Jean Deaux, now nineteen years old, began recording music when she was sixteen. After school, she would leave home to “work on a group project,” so she could go record tracks with her friends. These early recordings were low-fidelity and casual—and according to Deaux in our interview, “kind of horrible.” However, upon gaining access to a real studio, one owned by her cousin Saba, her then-hobby of songwriting began to develop into a potentially sustainable career.
A self-proclaimed misfit in her youth, Deaux feels a kinship with the recent group of alternative R&B artists, people who try to explore a unique sound and aesthetic while remaining committed to honest emotion. But she also feels separate from them in the way her music reflects her subdued and introverted personality. While Janelle Monae commits to Afrofuturist concept albums and FKA twigs and Autre Ne Veut use trip-hop and trap elements to make their music more subtly aggressive, much of the material Deaux puts out feels private, more like music made both in and for the bedroom, even with its often distinctly clean studio sound.
Deaux’s music conveys volumes about her personality—she’s introspective, but not antisocial; she just seems most comfortable on her own. Indeed, the latest track on her SoundCloud, “Into the Water,” abandons an explicit romantic narrative. It acknowledges the pursuit of some personal connection (“So love me slow and don’t let go / in case that we might drown”), but never seems overly attached (“If you ain’t tryna take the leap / go ahead leave me now”). Deaux herself says, in a RapGenius description for “Into the Water,” that “this isn’t a love song, because in the end I love myself more than any strange company I keep around.”
“Grape Soda,” one of Deaux’s 2013 tracks, is a reference to Vic Mensa’s “Orange Soda,” but the only direct links to the fellow Chicagoan’s song are the lines “I make you want it baby / I make you love it baby,” which mirror Mensa’s own “Make you love it / make you want it.” Elsewhere in the song, Deaux pushes heavily against Mensa’s extroverted style, abandoning pure rapping for melodies more fitting a slow jam.
“Look at you / watching me,” she says, exposing the moment a shared glance reveals mutual understanding and momentary tranquility. The instrumentals of the song help to underscore Deaux’s emotional claustrophobia as well; synthesizers both carry the melody and weave an ambient soundscape beneath Deaux’s vocals, simultaneously disorienting and relaxing the listener. There’s little actual melodic development to the track—it mostly consists of Deaux singing over the same melody—but rather than making the track less potent, this serves to further the feeling that this is one moment, frozen in time and stretched out.

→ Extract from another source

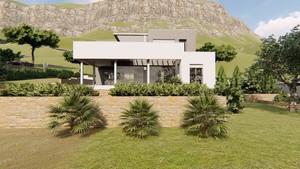 4 Slaapkamer Villa te koop in Javea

Songs like these are currently available on Deaux’s SoundCloud, unattached to any larger work, but Deaux does have plans for an album, Soular System, to be released in the next few months. Once a mixtape, the album took on a life of its own as Deaux realized that Soular System had the potential to make a coherent artistic statement. She plans to release the album for free, an increasingly popular road, though one usually taken by more established artists and riskier for a developing musician like Deaux.
While Deaux recognizes that she’s taking a longer road towards popularity than a major-label deal (which she’s been offered in the past) would give her, she also feels that that searching for honesty in the hip-hop business world is both worthwhile and necessary for her art. Deaux concedes the superficial benefits that the major-label domain offers, but she also believes that, by choosing to surround herself with people who seem genuinely interested in her music and personality, she helps to create a more honest environment in which to create her art. Deaux seems most interested in cultivating a long-lasting relationship with her listeners, something that, for her, starts at the business end of releasing and promoting her music.